Seventeen years of conflict ended with Afghan women gaining the opportunity to get an education, having freedom and being able to work side by side with men in their field. Now, women also participate in different national and international sports games that they were previously banned from under the Taliban government.
When it was in power, the Taliban enforced restrictions by forcing women to wear burqas, not allowing women to appear in the streets without a blood relative, and not allowing women to wear high-heeled shoes.
According to the France Press Agency, the Taliban does not want women to go to school. According to the AFP, girls’ schools are burned and bombed and teachers, principals, students and their families receive “warning letters about not attending school.” According to a report, in the past two decades, hundreds of schools were burned out. In 2012, the average schools burned were 310.
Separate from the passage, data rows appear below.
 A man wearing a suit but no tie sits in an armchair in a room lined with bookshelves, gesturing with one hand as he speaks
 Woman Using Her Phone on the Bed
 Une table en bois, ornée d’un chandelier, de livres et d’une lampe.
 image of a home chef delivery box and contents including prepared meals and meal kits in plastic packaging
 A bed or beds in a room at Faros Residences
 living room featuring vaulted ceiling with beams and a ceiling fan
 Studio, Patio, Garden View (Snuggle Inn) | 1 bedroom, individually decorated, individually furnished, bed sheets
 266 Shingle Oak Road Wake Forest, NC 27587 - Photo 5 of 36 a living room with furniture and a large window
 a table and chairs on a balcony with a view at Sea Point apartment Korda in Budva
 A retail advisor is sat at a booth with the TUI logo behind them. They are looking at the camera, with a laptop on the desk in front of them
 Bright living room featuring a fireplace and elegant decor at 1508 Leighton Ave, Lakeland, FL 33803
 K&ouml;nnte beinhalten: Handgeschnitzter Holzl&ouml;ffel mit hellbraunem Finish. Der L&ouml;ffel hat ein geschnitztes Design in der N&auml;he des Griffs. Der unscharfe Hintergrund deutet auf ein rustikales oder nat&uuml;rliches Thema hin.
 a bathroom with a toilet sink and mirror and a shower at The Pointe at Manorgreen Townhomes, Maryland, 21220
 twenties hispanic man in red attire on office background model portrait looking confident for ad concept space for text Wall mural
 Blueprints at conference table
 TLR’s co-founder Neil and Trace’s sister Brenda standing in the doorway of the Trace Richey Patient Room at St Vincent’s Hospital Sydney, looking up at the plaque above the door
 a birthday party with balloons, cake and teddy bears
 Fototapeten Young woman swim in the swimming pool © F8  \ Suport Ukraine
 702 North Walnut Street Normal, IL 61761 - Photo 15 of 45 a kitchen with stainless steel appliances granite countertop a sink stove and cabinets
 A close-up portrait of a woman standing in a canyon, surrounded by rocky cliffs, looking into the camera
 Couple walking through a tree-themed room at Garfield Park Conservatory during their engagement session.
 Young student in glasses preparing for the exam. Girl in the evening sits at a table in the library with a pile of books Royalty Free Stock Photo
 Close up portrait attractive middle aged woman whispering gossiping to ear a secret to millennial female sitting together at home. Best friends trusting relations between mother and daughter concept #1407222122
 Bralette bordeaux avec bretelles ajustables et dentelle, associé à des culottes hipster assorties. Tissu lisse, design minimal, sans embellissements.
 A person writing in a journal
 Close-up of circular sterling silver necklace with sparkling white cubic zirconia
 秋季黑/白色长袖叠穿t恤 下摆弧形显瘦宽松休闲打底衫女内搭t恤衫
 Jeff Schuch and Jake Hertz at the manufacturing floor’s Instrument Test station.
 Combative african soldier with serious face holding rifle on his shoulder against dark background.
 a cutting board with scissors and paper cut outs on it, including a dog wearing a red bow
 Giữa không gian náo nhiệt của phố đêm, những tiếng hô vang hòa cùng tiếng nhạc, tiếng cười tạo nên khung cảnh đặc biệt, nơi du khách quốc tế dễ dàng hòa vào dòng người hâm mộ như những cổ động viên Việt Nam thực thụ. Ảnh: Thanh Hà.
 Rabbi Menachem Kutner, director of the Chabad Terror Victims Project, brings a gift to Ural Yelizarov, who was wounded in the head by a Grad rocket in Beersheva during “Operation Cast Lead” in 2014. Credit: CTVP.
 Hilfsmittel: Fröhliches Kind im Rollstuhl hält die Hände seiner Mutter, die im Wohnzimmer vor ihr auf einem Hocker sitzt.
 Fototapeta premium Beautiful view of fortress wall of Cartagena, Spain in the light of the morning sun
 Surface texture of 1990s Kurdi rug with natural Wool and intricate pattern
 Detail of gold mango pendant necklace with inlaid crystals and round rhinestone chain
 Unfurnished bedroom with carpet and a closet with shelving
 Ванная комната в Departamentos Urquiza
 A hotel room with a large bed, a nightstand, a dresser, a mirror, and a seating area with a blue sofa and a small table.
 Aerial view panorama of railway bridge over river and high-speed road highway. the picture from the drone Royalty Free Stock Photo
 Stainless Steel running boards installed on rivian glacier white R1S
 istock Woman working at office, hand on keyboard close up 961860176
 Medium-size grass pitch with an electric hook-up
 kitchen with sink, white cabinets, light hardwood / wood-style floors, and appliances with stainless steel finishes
The Taliban’s strict rules and restrictions caused a large number of Afghans to migrate towards neighboring countries in Afghanistan. Those who remained in the country grew up with no education and were forced to accept the strict rules.
Fatimah Ahmadi is a psychology major at American River College. I interviewed her to get more information about how she feels about the past and future government with Taliban.
“Since the Talibans were created in Afghanistan, the country has changed forever,” Ahmadi said. “[Taliban] are radical extremists living in the mountains of Afghanistan preying on anyone who are not following their false rule they created by themselves for Islam, targeting mostly the minority group of Afghanistan.”
The majority of women in Afghanistan like Ahmadi have experienced these rules of the Taliban.
The concerns are further raised when we see the lack of women in the recent United States and Taliban meetings in Qatar.
Angelina Jolie, an actor and United Nations High Commissioner for Refugees Special Envoy, addressed this specific point in her last speech at the United Nations ministerial meeting on peacekeeping at U.N. headquarters in New York on March 29.
“There can be no peace or stability in Afghanistan or anywhere else in the world that involves trading away the rights of women,” Jolie said.
According to the report, Jolie pushed for women to be part of Afghan peace talks occurring in Afghanistan.
I believe women’s efforts in the last 17 years in Afghanistan have been very important. Women have played a key role in the development and progression of the country and not involving them in peace deals and future negotiations could possibly set them back a decade to when women did not have any respect and rights.
“As [an] Afghan female living in the United States, I want the role of Afghan women in Afghanistan to be in the public sphere,” Ahmadi said. “The more educated women are, the better it is for Afghanistan’s improvement.”
The biggest concern is women’s presence in the peace negotiation happening between the U.S. and Taliban. Not counting on women’s input in any peace talks means making decisions on Afghan women’s destiny without their presence, is a hundreds-years-old culture that could not result in bringing peace in Afghanistan.
Consequently, after the U.S. spent over a trillion dollars, and thousands of military lives to bring peace and stability in Afghanistan, the fight for gender equal rights could be lost.